Friday, April 15, 2011

EPA's hint to coal generators (shhh...it's natural gas!)

As a newlywed 10 months into marriage, I’m still learning that dropping hints is not always the strongest form of communication. I might mention to my husband all week long things like, “Doesn’t queso from such-and-such restaurant sound good?” Then the weekend rolls around, and he still innocently asks, “What kind of restaurant should we try?”

Sometimes hints aren’t picked up on. Or even if they are, they aren’t always acted upon. But still, it's often more comfortable, less abrasive to use hints in place of direct communication.

It seems to me that the Environmental Protection Agency is a hint-dropper. The Administration doesn’t come out and force conversions from coal to natural gas or renewables. But through nagging mechanisms even more powerful than those possessed by the cast of Desperate Housewives, the EPA can make life tough on coal-fired generators.

On April 14, I attended an EPA hearing in Tulsa, Okla. concerning an ongoing debate over three coal-fired plants that are not under compliance of EPA’s Clean Air Visibility Rule. The plants are Oklahoma Gas and Electric (OG&E) Company’s Muskogee and Sooner Stations, and AEP-Public Service Company of Oklahoma’s Red Rock Station. According to the rule, the stations must achieve EPA’s emission limit for SO2 – 0.15 lb/mmBtu, or 95 percent removal. OG&E said it would cost about $10,000 per ton to reduce SO2 emissions to those levels through the use of scrubber technology at its two plants.

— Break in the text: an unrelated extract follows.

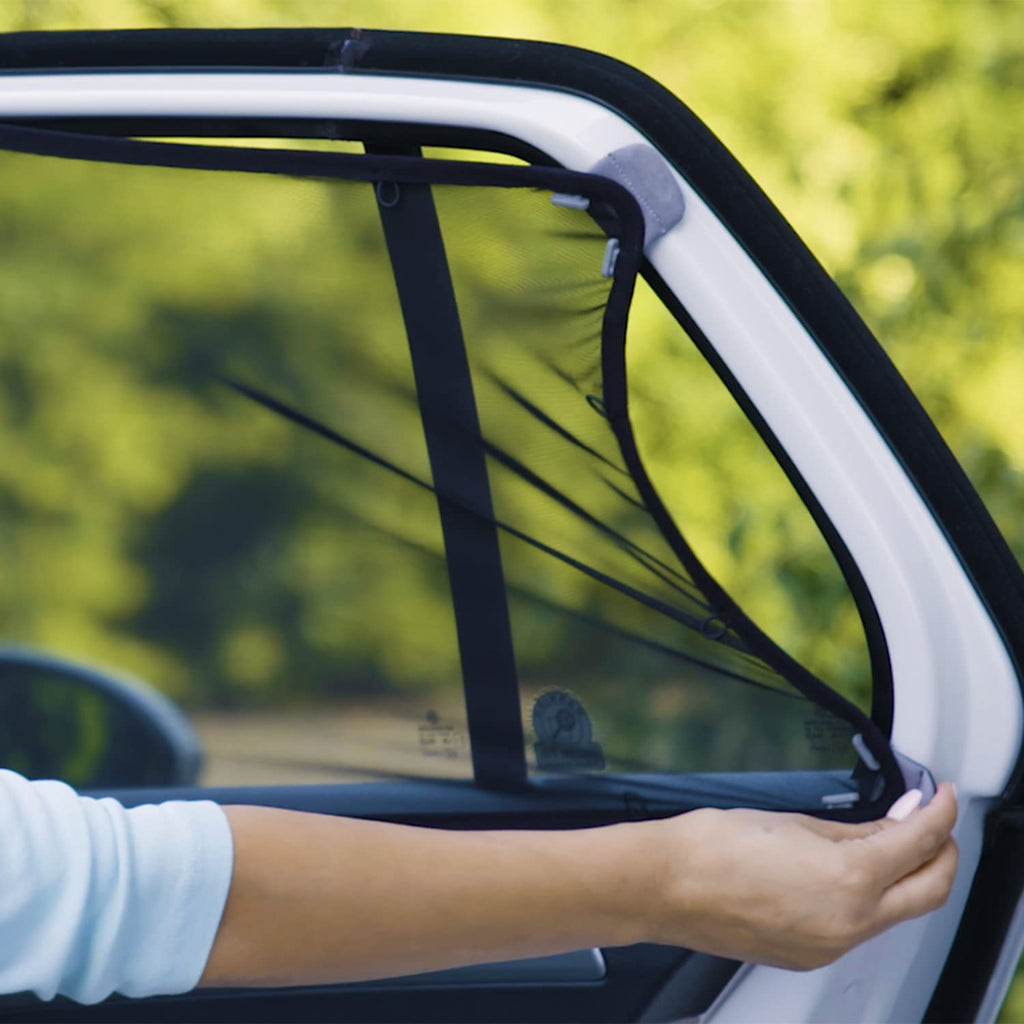 MunchkinBricaMagnetic Stretch to FitSun Shade and 360 Pivot Baby in-SightWide-Angle Adjustable Car Mirror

The Oklahoma Department of Environmental Quality (ODEQ) has submitted a State Implementation Plan (SIP), recommending Best Available Retrofit Technology (BART) switches for the plants. However, the EPA identified the SIP as one that “does not meet one or more of the required elements.”

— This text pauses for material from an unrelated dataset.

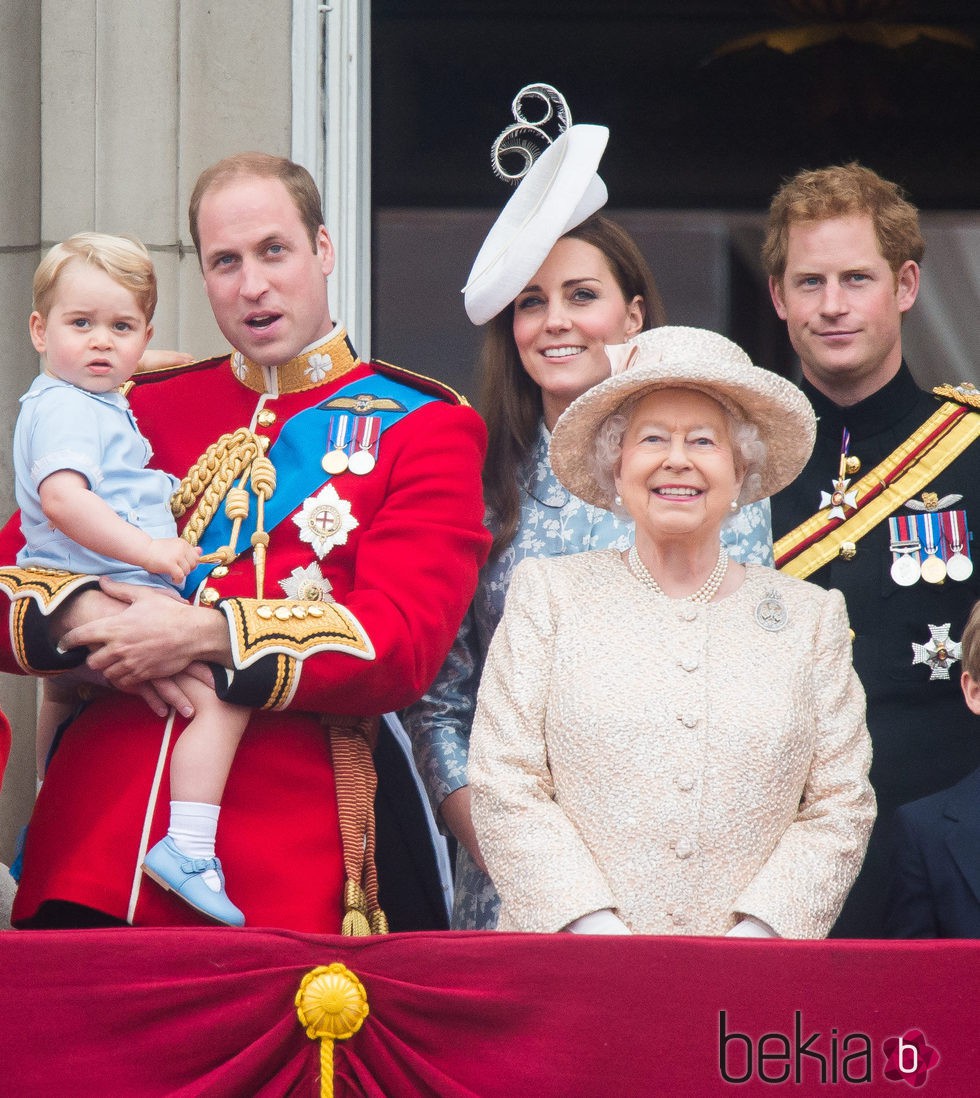 El Príncipe Jorge, los Duques de Cambridge, el Principe Guillermo y Kate Middleton, la Reina Isabel II y el Principe Harry en el Trooping the Colour 2015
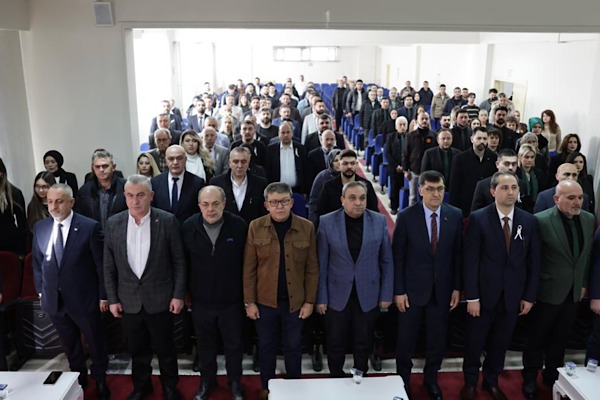 Kütahya'da berberler ve kuaförler odası genel kurulu Yapıldı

Why doesn’t it meet the requirements? Steve Thompson, executive director of ODEQ, said the BART alternative in the SIP “reduces SO2 emissions more than the primary requirements in EPA’s Federal Implementation Plan.”

So what about that is unacceptable to the EPA?

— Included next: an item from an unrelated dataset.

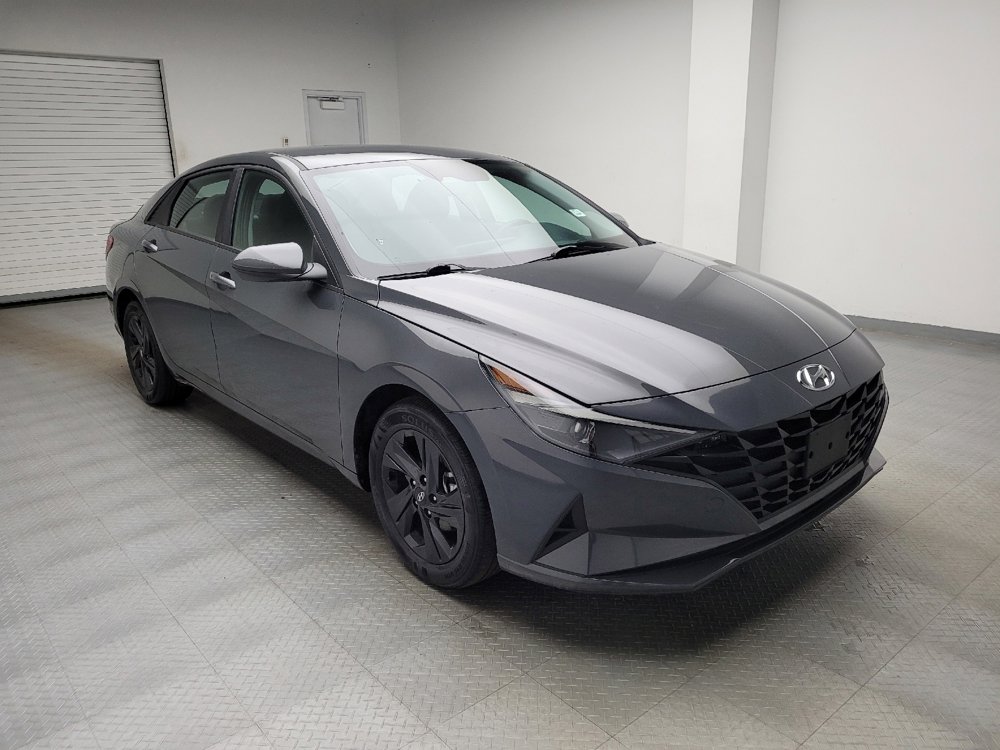 Used 2023 Hyundai Elantra SEL w/ Preferred Accessory Package FWD image 13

Coal is still being burned. Visibility could still be affected to some degree in federal wildlife areas – the heart of the issue.

EPA states that “switches to natural gas are an acceptable method,” as a spokesperson from Oklahoma natural gas producer Chesapeake Energy pointed out at the hearing.

Oklahoma has an abundant supply of natural gas. Larry Nichols, CEO of Devon Energy, told me during a March interview that the company’s work in the Cana shale in western Oklahoma which has already netted 11 trillion cubic feet – larger than Devon’s four discoveries in the Gulf of Mexico. So a shortage of a natural gas supply would be close to impossible if these power companies were to do a partial or total switch.

It’s not just these Oklahoma coal plants that will soon be replaced by natural gas or another form of “cleaner” energy. On April 14, Tennessee Valley Authority announced the retirement of 18 coal-fired units. In many cases, it’s easier to retire a plant than to retrofit it, especially older plants.

Barney Racine, software development manger for the environmental solutions group of Honeywell Process Solutions, said the EPA’s focus is not so much on SO2 control, but rather a complete retreat from coal. “They’re not necessarily driving legislation from the emissions monitoring standpoint, but from the incentive side – the cost to burn coal vs. natural gas.”

Some coal will undoubtedly remain in the generation mix in the coming decades, but EPA will continue to drop hints that other forms of generation are preferable. While natural gas prices are low, many coal-fired generators will, reluctantly or not, make the switch. EPA’s hint will be taken with a grain of salt, or perhaps in some cases, enforced.

And hopefully through tactful hints rather than a means of force even more powerful than the EPA's, I’ll get my chips and queso this weekend.